Seated Ballerina (Jeff Koons) was a 45-foot-tall nylon “ballerina” that loomed over Rockefeller Center for several months in 2017. Supposedly it was inspired by a porcelain figurine. She had a yellow ponytail and her body, carriage, and foot position was, again, that of a non-dancer. Because why would Jeff Koons choose an actual ballerina for inspiration when he could choose a porcelain figure? The piece should have been entitled “Kitsch Ornament” (referencing a toddler’s idea of ballet).

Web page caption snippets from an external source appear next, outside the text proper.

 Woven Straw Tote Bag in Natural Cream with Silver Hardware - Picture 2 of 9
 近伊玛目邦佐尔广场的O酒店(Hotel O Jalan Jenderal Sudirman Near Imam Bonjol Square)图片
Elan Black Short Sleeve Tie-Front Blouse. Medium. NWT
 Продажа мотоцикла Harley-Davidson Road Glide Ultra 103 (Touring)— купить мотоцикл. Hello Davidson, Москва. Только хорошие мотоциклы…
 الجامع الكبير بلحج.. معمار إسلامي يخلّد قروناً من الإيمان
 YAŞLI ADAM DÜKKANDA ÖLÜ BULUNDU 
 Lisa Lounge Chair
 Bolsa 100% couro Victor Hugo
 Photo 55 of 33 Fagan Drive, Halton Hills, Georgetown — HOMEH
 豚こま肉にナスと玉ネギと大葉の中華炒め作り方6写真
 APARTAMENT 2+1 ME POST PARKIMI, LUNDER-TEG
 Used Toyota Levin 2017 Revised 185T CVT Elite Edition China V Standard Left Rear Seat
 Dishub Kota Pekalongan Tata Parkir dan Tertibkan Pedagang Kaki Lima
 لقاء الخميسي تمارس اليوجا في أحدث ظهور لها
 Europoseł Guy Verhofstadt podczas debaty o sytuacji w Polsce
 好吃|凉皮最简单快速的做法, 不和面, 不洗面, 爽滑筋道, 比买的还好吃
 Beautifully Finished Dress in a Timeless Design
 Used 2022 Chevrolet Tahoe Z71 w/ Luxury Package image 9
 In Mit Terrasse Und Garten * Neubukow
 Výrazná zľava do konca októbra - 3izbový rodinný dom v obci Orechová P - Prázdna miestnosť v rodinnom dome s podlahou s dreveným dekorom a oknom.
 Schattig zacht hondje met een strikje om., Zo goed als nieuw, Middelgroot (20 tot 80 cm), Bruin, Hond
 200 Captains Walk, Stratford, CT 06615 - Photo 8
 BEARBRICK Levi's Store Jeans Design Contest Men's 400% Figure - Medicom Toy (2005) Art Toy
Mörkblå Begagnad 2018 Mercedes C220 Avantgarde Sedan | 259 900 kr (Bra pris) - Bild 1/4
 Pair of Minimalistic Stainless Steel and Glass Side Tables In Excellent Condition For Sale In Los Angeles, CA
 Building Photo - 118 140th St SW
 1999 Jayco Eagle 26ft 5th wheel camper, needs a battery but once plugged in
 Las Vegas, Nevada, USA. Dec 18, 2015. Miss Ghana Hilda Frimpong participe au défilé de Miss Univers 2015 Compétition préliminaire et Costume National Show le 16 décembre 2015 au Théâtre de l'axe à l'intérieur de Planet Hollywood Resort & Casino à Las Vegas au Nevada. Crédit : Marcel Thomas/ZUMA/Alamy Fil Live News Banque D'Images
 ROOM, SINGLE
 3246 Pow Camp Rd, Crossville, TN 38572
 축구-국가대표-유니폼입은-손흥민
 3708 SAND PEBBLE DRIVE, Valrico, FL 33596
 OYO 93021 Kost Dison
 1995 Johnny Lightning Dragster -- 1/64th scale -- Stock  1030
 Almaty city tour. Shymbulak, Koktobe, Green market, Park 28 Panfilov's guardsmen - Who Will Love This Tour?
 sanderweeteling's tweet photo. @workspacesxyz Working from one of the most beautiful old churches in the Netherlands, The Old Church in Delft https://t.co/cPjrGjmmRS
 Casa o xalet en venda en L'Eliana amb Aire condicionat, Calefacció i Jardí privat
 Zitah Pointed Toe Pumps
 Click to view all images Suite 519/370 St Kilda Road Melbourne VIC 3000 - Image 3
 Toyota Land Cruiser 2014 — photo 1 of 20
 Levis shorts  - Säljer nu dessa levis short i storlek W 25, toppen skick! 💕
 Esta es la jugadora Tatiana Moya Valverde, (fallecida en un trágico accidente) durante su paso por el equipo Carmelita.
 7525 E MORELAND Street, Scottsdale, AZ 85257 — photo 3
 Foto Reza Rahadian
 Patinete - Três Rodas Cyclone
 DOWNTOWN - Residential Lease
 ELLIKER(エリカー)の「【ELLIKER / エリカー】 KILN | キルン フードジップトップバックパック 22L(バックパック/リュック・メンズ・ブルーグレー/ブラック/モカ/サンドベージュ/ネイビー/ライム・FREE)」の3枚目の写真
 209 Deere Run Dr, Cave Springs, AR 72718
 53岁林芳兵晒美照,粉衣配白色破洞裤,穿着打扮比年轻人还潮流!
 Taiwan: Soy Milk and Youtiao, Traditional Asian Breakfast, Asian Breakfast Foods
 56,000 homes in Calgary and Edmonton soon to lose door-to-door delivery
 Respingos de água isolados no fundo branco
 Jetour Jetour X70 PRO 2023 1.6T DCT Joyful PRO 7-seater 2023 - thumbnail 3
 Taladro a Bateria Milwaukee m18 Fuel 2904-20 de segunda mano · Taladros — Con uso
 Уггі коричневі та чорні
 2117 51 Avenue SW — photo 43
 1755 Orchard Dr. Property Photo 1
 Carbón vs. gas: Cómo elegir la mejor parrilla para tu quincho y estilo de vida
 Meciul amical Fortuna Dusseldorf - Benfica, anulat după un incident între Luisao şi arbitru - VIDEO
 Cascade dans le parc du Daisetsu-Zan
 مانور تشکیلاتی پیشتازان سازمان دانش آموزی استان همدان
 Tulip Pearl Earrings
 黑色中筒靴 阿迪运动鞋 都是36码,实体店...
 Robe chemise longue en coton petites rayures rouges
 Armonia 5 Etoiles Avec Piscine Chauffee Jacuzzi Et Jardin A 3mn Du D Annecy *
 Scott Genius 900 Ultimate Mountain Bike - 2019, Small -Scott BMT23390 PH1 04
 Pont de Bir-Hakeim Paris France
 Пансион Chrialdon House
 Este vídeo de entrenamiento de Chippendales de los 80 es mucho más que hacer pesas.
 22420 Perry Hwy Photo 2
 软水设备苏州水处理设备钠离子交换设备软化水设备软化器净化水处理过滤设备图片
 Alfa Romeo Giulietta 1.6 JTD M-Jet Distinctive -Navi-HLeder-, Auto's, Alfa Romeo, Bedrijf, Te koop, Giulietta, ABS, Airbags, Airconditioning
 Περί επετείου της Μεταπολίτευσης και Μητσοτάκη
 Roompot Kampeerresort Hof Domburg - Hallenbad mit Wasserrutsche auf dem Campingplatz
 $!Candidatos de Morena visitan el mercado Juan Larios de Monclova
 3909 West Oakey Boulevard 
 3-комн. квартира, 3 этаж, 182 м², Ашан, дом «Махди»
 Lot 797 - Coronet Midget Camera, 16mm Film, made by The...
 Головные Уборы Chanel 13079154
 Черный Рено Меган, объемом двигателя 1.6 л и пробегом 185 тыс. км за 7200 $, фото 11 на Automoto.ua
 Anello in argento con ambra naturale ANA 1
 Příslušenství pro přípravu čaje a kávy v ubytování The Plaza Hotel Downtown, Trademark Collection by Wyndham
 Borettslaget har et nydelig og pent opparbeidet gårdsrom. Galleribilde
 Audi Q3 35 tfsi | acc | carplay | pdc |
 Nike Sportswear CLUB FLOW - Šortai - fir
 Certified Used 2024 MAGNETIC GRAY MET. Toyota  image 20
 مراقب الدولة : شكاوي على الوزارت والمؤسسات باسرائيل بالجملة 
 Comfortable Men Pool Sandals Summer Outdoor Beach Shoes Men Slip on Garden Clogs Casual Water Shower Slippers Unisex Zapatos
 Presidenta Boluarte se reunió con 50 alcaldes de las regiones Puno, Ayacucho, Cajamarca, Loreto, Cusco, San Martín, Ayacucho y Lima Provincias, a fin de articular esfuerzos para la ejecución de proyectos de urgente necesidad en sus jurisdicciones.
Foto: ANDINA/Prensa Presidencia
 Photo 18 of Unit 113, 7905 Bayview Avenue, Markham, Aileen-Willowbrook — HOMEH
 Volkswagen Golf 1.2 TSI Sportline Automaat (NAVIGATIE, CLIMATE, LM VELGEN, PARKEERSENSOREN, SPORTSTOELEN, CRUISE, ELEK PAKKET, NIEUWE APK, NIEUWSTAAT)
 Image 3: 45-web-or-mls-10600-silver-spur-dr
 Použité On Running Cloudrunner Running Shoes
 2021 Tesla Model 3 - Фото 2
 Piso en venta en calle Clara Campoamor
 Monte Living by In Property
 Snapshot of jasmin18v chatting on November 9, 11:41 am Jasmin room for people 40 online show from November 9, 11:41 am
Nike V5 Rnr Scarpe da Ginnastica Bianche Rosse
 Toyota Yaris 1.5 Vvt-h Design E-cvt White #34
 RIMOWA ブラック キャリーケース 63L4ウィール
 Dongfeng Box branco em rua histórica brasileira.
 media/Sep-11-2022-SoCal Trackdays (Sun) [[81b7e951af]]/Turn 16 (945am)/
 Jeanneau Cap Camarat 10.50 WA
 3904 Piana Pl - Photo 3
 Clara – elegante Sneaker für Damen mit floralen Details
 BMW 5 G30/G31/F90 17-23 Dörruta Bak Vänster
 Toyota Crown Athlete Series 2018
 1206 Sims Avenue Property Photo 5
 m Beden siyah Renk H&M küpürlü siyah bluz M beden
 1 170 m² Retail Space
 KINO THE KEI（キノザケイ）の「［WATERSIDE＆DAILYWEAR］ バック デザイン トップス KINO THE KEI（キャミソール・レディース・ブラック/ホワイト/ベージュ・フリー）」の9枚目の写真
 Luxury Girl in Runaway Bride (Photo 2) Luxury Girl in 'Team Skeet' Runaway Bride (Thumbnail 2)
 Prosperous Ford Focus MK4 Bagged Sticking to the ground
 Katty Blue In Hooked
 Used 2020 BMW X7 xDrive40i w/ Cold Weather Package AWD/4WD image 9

I’m not sure whether I’m criticizing the banality of a life experience that has no actual knowledge of the art of dance it or whether I’m just kvetching about popular taste being simplified and low. I think that people could be interested and educated in seeing what high-level dance is and that when they are they won’t settle for the Muzak version. If I am wrong about this then my view is that popular taste still ought not to be pandered to in a way that allows people to drink a watered-down version of something as if it is real. It’s cheating. It harms both the public in allowed them to remain underdeveloped in their taste and sensibility and it harms the perception of dance overall – at worst leading to undervaluing high-level dance as something necessary for human art and culture.

 

Copyright © Aili Whalen 2025. All rights reserved.

Comments

2 responses to “Depictions of Dance”

  1. Kristin Boyce Avatar
    Kristin Boyce

    Interesting post! In the dance scenes of Black Swan, most of the dancing is being done by the (then) ABT principal, Sarah Lane. Lane was furious that she was not credited! It was a bit of a scandal. I am very sympathetic to what you are saying, but isn’t part of the issue is how expensive and time consuming it is to become a watcher who can tell the difference between the real and the fake in this case? And maybe there are two important issues: 1) the actual dancing and 2) your points about the completely ignorant depiction of what it takes (how a life has to be organized) to achieve at a high level as a ballet dancer.

  2. Aili Whalen Avatar
    Aili Whalen

    Aha! I didn’t know that about Sarah Lane and The Black Swan — thank you for educating me on that! Expensive and time consuming to … hire a dancer to consult on the dance scenes? I wouldn’t think it would take that much. Dancers are usually pretty cheap, no? And I do think those two issues you point out are right to be distinguished — I did conflate them without meaning to.